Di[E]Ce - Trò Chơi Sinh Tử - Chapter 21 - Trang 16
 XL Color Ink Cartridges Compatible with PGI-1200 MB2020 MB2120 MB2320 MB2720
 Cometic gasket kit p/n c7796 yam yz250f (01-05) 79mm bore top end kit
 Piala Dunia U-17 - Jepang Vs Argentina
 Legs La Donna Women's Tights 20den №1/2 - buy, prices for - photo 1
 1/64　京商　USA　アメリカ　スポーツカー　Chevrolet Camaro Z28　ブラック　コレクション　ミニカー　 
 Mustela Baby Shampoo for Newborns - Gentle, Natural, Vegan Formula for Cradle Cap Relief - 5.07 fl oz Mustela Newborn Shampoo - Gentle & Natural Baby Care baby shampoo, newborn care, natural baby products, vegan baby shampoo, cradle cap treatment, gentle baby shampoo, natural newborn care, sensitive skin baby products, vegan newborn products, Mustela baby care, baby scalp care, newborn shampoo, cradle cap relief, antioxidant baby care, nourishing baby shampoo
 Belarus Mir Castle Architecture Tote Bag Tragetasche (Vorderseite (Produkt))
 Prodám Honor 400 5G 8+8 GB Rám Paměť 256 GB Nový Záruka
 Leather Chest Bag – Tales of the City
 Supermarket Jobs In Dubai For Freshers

##############################

• **EXERCISE DIRECTIONS**
Transcribe word for word the lines from the one holding "Leather Chest Bag – Tales of the City" to the last line of the listing above, inclusive.

• **RESULT OF THIS EXERCISE**
 Leather Chest Bag – Tales of the City
 Supermarket Jobs In Dubai For Freshers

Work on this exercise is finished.